======== SUPPLIED RECORDS ========

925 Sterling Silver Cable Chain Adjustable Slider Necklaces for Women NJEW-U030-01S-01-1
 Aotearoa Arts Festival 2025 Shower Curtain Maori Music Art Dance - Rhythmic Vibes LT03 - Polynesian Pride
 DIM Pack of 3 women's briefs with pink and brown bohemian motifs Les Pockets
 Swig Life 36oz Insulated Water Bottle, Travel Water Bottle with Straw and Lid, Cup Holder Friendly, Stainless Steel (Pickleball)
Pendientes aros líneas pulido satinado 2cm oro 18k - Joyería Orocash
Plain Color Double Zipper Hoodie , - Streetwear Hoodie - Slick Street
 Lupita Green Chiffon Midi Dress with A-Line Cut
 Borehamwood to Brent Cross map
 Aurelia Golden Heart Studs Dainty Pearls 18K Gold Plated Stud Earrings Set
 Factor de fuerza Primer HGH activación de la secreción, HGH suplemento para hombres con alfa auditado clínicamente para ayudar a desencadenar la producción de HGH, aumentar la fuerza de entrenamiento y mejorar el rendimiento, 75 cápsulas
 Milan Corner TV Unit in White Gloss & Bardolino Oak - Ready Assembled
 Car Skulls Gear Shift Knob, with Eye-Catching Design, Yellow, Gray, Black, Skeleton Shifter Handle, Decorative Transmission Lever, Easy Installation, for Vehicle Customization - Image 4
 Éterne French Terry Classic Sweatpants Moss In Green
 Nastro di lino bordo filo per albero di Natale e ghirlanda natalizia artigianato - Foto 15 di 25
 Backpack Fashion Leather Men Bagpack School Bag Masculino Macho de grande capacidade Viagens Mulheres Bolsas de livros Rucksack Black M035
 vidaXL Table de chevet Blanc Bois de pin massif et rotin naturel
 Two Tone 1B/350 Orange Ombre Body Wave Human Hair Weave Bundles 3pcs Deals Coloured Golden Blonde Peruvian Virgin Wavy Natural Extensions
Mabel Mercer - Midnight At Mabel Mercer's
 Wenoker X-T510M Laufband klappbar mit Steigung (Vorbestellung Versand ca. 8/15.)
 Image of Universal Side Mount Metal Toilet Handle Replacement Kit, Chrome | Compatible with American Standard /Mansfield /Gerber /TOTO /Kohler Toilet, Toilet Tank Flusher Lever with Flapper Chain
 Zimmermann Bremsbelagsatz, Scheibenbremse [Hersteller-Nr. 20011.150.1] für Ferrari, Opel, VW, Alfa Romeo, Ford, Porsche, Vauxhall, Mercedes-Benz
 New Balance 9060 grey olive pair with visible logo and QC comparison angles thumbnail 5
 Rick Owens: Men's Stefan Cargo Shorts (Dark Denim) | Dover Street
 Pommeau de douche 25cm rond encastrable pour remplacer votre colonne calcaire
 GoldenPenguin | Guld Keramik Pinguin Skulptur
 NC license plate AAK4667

========

> [THE TASK]
Reproduce the listing word for word from its first line up to and including the line with "Aurelia Golden Heart". Give no other lines.

> [RESPONSE TO THIS EXERCISE]
925 Sterling Silver Cable Chain Adjustable Slider Necklaces for Women NJEW-U030-01S-01-1
 Aotearoa Arts Festival 2025 Shower Curtain Maori Music Art Dance - Rhythmic Vibes LT03 - Polynesian Pride
 DIM Pack of 3 women's briefs with pink and brown bohemian motifs Les Pockets
 Swig Life 36oz Insulated Water Bottle, Travel Water Bottle with Straw and Lid, Cup Holder Friendly, Stainless Steel (Pickleball)
Pendientes aros líneas pulido satinado 2cm oro 18k - Joyería Orocash
Plain Color Double Zipper Hoodie , - Streetwear Hoodie - Slick Street
 Lupita Green Chiffon Midi Dress with A-Line Cut
 Borehamwood to Brent Cross map
 Aurelia Golden Heart Studs Dainty Pearls 18K Gold Plated Stud Earrings Set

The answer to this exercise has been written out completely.